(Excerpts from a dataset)

++++++++

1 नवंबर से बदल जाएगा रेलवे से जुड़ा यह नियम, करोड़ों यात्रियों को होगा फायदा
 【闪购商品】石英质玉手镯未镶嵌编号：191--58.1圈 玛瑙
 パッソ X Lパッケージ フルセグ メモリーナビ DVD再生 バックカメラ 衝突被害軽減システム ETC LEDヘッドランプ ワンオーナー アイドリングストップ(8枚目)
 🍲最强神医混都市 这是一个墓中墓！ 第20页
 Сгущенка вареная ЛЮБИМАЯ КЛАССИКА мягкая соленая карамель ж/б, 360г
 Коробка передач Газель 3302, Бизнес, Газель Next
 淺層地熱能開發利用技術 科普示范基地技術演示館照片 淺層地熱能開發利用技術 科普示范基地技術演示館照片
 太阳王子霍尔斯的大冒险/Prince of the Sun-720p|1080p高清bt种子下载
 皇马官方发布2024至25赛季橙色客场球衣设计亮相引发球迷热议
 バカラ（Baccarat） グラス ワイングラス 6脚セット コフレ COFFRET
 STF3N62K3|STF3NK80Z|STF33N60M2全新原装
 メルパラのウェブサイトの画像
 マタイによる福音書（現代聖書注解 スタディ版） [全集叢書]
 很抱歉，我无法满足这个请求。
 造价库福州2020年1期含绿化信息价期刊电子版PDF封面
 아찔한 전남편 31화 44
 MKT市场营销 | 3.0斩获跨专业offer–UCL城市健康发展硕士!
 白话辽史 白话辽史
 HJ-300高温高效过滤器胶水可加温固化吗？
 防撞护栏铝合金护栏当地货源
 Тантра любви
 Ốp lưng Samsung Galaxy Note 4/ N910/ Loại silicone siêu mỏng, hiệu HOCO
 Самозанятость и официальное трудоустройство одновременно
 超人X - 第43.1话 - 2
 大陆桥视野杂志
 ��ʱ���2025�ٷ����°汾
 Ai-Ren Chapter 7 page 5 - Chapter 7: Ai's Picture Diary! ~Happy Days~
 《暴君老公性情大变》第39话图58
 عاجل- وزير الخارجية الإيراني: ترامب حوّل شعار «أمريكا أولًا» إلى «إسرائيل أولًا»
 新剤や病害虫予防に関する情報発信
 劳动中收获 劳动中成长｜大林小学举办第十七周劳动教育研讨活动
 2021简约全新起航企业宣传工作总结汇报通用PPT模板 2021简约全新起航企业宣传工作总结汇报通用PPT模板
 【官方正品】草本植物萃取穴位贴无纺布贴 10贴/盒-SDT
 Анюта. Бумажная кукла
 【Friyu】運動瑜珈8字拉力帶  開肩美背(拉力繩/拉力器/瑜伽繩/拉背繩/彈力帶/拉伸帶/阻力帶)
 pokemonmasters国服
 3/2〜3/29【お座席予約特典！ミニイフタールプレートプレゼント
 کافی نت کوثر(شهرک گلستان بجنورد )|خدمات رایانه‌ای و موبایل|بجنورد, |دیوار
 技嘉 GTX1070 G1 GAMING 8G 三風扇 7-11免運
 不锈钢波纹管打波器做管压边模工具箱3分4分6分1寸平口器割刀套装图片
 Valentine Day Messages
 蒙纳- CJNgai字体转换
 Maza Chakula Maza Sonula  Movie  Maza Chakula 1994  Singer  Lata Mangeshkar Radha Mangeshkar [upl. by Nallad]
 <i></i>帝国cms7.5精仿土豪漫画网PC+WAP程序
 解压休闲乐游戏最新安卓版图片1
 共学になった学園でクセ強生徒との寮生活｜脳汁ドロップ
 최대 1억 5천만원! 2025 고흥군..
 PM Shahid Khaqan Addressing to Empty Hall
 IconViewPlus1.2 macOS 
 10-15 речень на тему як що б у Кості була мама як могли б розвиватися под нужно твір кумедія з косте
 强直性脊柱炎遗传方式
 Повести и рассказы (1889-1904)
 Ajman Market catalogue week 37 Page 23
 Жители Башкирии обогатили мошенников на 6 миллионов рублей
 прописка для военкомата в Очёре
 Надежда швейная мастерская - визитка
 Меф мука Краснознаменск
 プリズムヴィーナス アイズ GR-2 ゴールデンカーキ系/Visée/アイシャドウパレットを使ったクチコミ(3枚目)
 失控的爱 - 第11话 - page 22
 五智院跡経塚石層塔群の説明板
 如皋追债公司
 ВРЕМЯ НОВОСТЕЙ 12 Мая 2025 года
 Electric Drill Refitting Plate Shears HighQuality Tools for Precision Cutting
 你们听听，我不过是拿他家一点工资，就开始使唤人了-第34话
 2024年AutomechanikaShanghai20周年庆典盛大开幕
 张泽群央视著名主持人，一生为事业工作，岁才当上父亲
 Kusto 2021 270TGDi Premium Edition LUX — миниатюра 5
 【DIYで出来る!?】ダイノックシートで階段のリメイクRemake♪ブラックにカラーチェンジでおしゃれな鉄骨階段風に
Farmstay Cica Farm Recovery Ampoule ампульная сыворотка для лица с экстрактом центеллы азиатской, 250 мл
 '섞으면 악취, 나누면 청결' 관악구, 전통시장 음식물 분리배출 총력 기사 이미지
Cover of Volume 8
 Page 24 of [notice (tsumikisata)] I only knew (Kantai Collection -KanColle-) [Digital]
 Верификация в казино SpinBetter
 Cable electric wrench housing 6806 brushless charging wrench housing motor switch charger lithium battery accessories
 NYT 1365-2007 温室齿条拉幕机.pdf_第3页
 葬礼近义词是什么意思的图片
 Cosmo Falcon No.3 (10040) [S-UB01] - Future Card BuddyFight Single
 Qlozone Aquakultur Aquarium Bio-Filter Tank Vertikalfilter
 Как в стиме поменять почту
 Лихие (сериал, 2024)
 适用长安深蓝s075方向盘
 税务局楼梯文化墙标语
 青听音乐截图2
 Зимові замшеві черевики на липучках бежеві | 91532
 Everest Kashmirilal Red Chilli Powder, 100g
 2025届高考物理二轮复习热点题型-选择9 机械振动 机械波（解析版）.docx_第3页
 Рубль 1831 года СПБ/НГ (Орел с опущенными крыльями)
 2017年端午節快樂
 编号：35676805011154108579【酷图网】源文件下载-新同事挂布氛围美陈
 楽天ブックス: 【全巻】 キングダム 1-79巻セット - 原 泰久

++++++++

What this task involves: Return exactly the lines from the one containing "Cover of Volume 8" through the last line of the records above, both included, and nothing else.

Result below:
Cover of Volume 8
 Page 24 of [notice (tsumikisata)] I only knew (Kantai Collection -KanColle-) [Digital]
 Верификация в казино SpinBetter
 Cable electric wrench housing 6806 brushless charging wrench housing motor switch charger lithium battery accessories
 NYT 1365-2007 温室齿条拉幕机.pdf_第3页
 葬礼近义词是什么意思的图片
 Cosmo Falcon No.3 (10040) [S-UB01] - Future Card BuddyFight Single
 Qlozone Aquakultur Aquarium Bio-Filter Tank Vertikalfilter
 Как в стиме поменять почту
 Лихие (сериал, 2024)
 适用长安深蓝s075方向盘
 税务局楼梯文化墙标语
 青听音乐截图2
 Зимові замшеві черевики на липучках бежеві | 91532
 Everest Kashmirilal Red Chilli Powder, 100g
 2025届高考物理二轮复习热点题型-选择9 机械振动 机械波（解析版）.docx_第3页
 Рубль 1831 года СПБ/НГ (Орел с опущенными крыльями)
 2017年端午節快樂
 编号：35676805011154108579【酷图网】源文件下载-新同事挂布氛围美陈
 楽天ブックス: 【全巻】 キングダム 1-79巻セット - 原 泰久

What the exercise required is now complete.